Statement by Michael F. Jacobson, PhD
Founder, National Food Museum
(co-founder of the Center for Science in the Public Interest)
January 7, 2026
New Dietary Guidelines – a Real Shocker!
But Will It ‘Make America Sick Again’?
For the past year HHS Secretary Robert F. Kennedy Jr. has been issuing sensible (eat real food, avoid sugar and food dyes) and nonsensical (eat beef, beef tallow, full-fat dairy products, raw milk; avoid “toxic” seed oils) dietary advice.
HHS and USDA released the new edition of the Dietary Guidelines for Americans, which informs the public and determines what is served in school meals, VA hospitals, and other federal food programs. One shocker? Some of Kennedy’s blatant nonsense—which nutrition experts feared would dominate the Guidelines and confuse the public—is not included!
But another shocker is its powerful endorsement of meat and full-fat dairy products.
The new Guidelines, like all previous editions, emphasizes eating whole foods like fruits and vegetables, foods low in added sugars, and whole grains instead of white flour. And it still recommends limiting alcoholic beverages, which cause 178,000 deaths per year, and sodium, which causes as many as 100,000 deaths annually. One new addition—and no longer controversial except to food and chemical manufacturers—is that it strongly discourages eating highly processed foods and foods concocted with dyes, non-caloric sweeteners, preservatives, and artificial flavors.

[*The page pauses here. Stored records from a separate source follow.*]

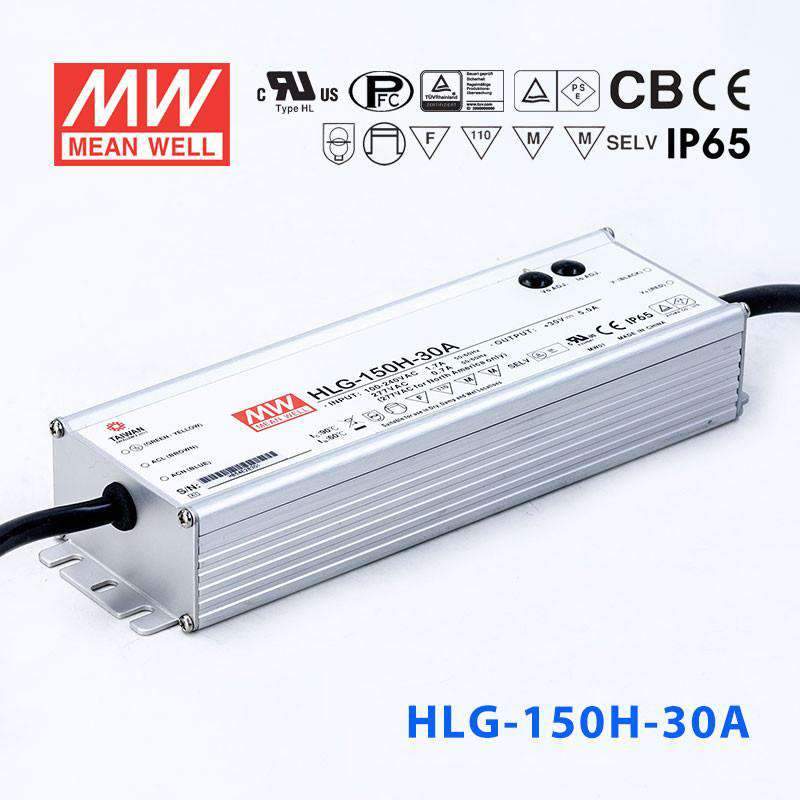 Mean Well HLG - 150H - 30A Power Supply 150W 30V - Adjustable - HLG - 150H - 30A - powersupplymall.com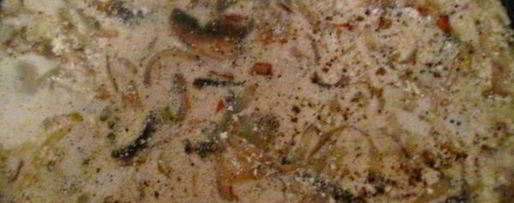 Шаг 4: гречки с курицей под сметанно-грибным соусом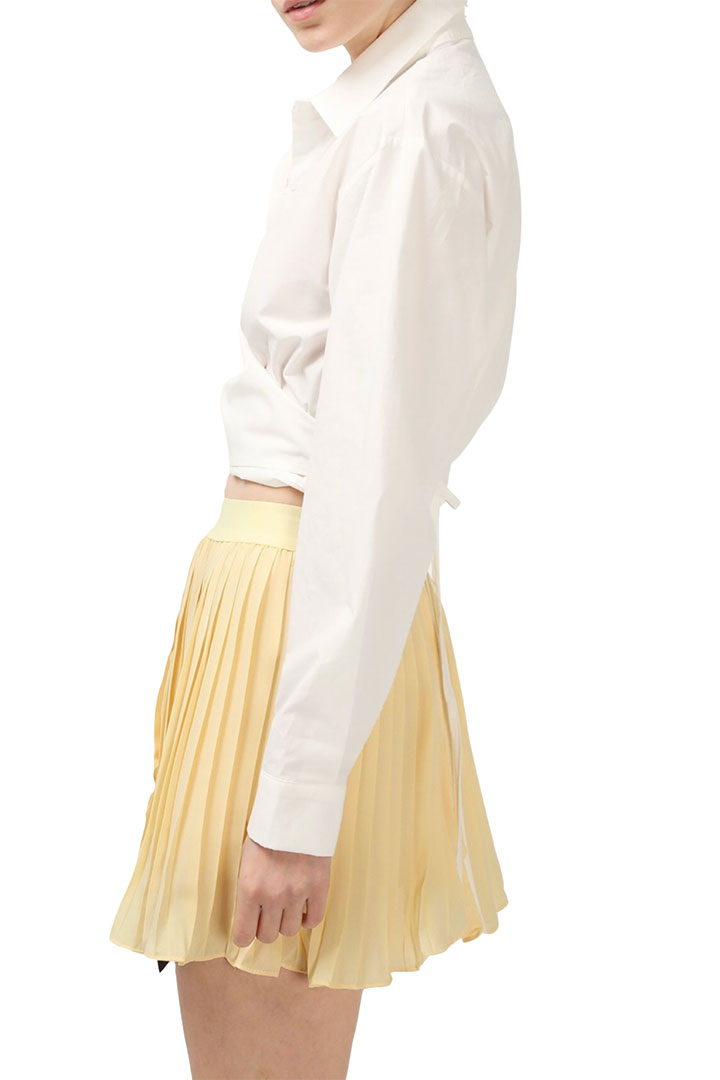 Picture of Dani Wrap Tie Shirt-White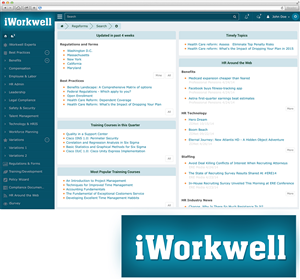 Logo Design by YasseralwanOIHS for iWorkwell, Inc. | Design: #4169370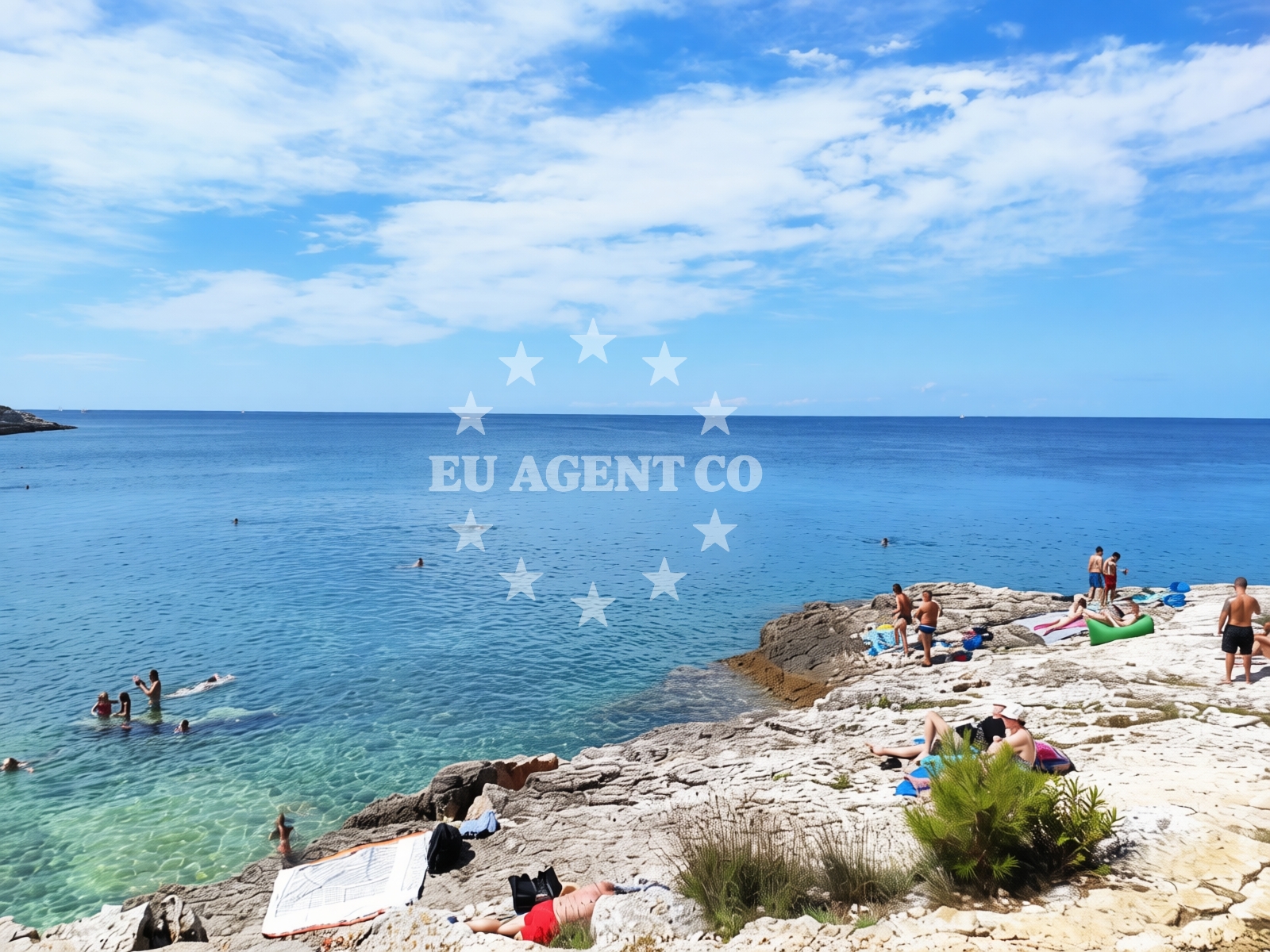 Sea and coastal view of Beach Pinizule in 218 Selo 1, Premantura
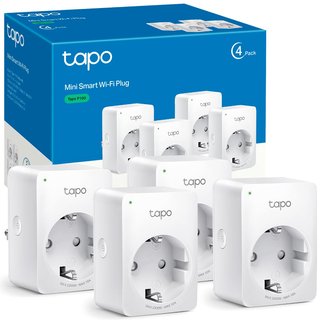 Pack 4 Enchufes Inteligentes WiFi Tapo P100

The Guidelines reiterates the long-standing advice to limit saturated fat, a cause of heart disease, to 10 percent of calories. However, that recommendation was directly undermined by administration officials at a White House press conference who stressed that they were ending the “war against” and the “demonization” of saturated fat. The Guidelines repeatedly advises people to consume meat and full-fat dairy products and includes butter (and beef tallow) as healthy fats. Such advice reads as if it was written by industry lobbyists (and it might well have been). In those regards, the new Guidelines harkens back to nutrition advice offered in the 1950s.
The full-blown support for the meat and dairy industries is underscored by the Guidelines’ unfounded recommendation to consume 50 to 100 percent more protein than the Recommended Dietary Allowance. That support is buttressed further by warnings of possible vitamin and mineral deficiencies in vegetarian and vegan diets. But the Guidelines never acknowledges, let alone highlights, that those diets are associated with lower rates of diet-related illnesses.
The Guidelines doesn’t specifically warn against consuming what Kennedy has called “toxic” seed oils (soy, canola, corn) that allegedly cause obesity. But in the “Healthy Fats” section, it only advises, cryptically to most people, “prioritizing oils with essential fatty acids”—indeed, the oils in seeds. In fact, replacing the saturated fat in meat and dairy products with the polyunsaturated oils in soybean or canola oil does reduce the risk of heart disease. The Guidelines doesn’t even recommend that switch for people with cardiovascular disease.
In a world in which science mattered, the Guidelines would have emphasized replacing at least some dairy, beef, and pork with beans, chicken, seafood, and other healthier sources of protein and foods rich in seed oils (soy, canola, corn, etc.), such as salads with dressing. It also would have stated that animal products are a major cause of environmental problems, including the climate crisis.
The new Dietary Guidelines for Americans, along with discouragement of vaccines, cuts in SNAP, and defunding of nutrition research, will only Make America Sick Again.
The nascent National Food Museum is a nonprofit organization that looks at the world through the lens of food. It is particularly concerned about the impact of diet on health and the environment, particularly the climate crisis.